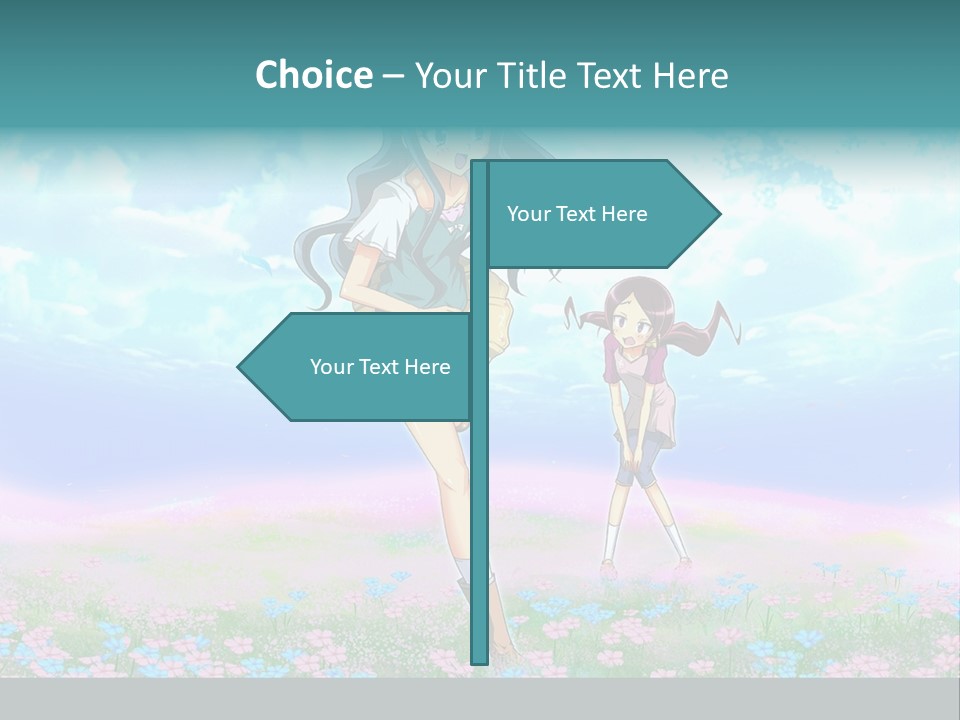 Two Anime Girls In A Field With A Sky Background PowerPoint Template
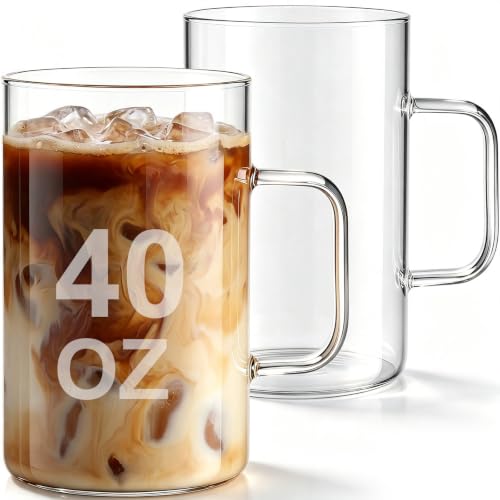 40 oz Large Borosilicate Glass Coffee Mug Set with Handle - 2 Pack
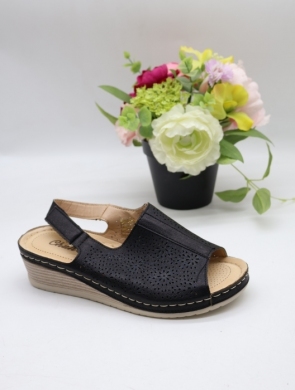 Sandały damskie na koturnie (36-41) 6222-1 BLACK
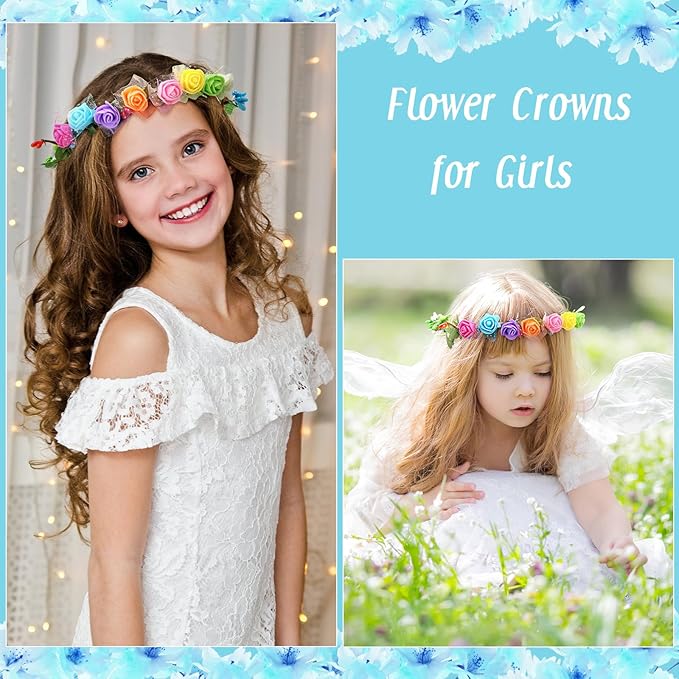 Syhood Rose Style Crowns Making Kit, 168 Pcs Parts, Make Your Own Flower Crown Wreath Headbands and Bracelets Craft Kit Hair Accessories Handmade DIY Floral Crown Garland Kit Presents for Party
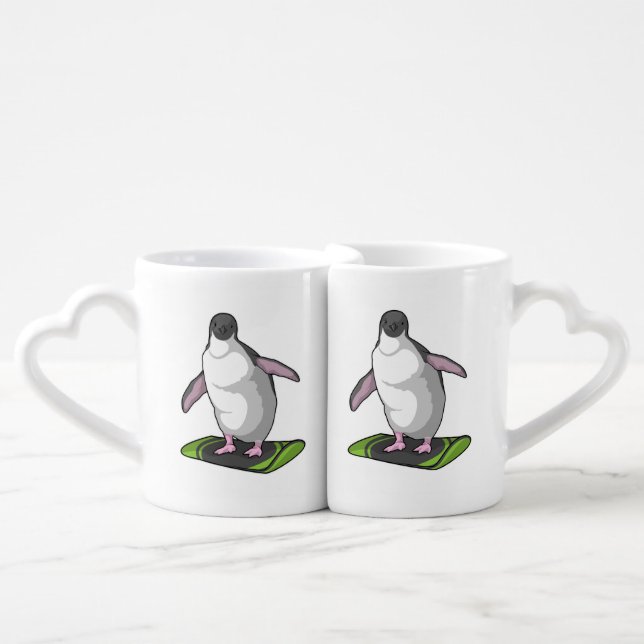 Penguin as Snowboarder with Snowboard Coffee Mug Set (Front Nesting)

******************************

### To do
Reproduce precisely the lines of the entries above, from the one containing "Sandały damskie na" through the final one, both ends included, and omit the pictures.

### Response area
 Sandały damskie na koturnie (36-41) 6222-1 BLACK
 Syhood Rose Style Crowns Making Kit, 168 Pcs Parts, Make Your Own Flower Crown Wreath Headbands and Bracelets Craft Kit Hair Accessories Handmade DIY Floral Crown Garland Kit Presents for Party
 Penguin as Snowboarder with Snowboard Coffee Mug Set (Front Nesting)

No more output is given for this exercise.